Dr Greg Hundley: Fantastic. Carolyn. Bob Toto always puts things really in perspective. That'll be a great read. Well, let me tell you about a couple other articles in this issue. Dr Bina Ahmed from Santa Barbara Cardiovascular Group has a very nice on-my-mind piece getting at this issue of how we should, as physicians, be reacting to the healthcare issues. Also, particularly in cardiovascular disease, as they occur in the face of climate crisis. A great read. Then there's a beautiful adult learning excerpt put together by Dr Daniel Kramer from the Richard A. and Susan F. Smith Center for Outcomes Research in Cardiology at Beth Israel Deaconess Medical Center.
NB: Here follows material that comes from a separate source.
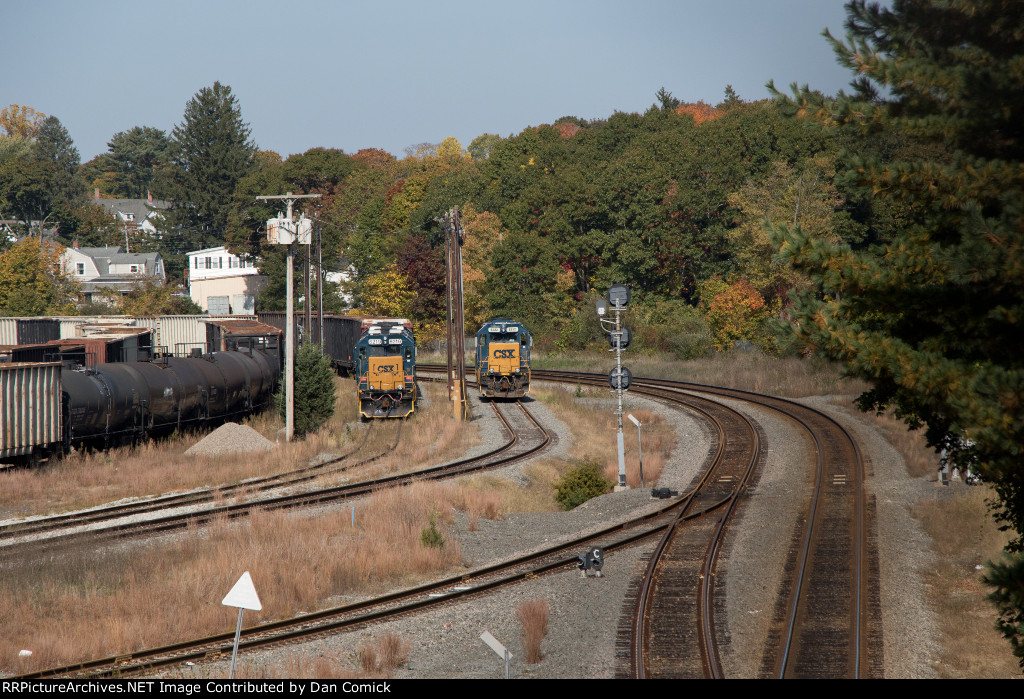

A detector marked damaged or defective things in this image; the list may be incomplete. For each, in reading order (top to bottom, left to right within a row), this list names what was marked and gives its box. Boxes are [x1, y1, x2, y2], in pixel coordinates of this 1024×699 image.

It involves a patient that presents with some symptomatology associated with their thoracic spine. They have to undergo an MRI. They've got an implanted device. How do you work through that? What do we need to do with anticoagulation? It turns out the patient also may need a Watchman device. Who is a candidate for that? Boy, it's just a great educational read.

Carolyn, there is a lot in the mailbag this week. Professor John Madias from the Icahn School of Medicine at Mount Sinai and Dr Adaya Weissler-Snir from the Hartford Hospital and University of Connecticut exchanged some letters regarding the article previously published on hypertrophic cardiomyopathy-related sudden cardiac death in young people in Ontario.

Robin Woods from Monash University has a research letter involving no modulation of aspirins effect by body weight in healthy older men and women. And then Myra Lipes from the Joslin Diabetes Center Harvard Medical School has a research letter entitled the Cardiac Autoimmunity is Associated with Subclinical Myocardial Dysfunction in Patients with Type 1 Diabetes.

Dr Carolyn Lam: And I'll add one more research letter by Dr Dempsey on prospective associations of accelerometer-measured physical activity and sedentary time with incident cardiovascular disease, cancer and all-cause mortality. So something that's really a hot topic now. Man, that has been a great issue. But let's move on to our feature discussion, shall we?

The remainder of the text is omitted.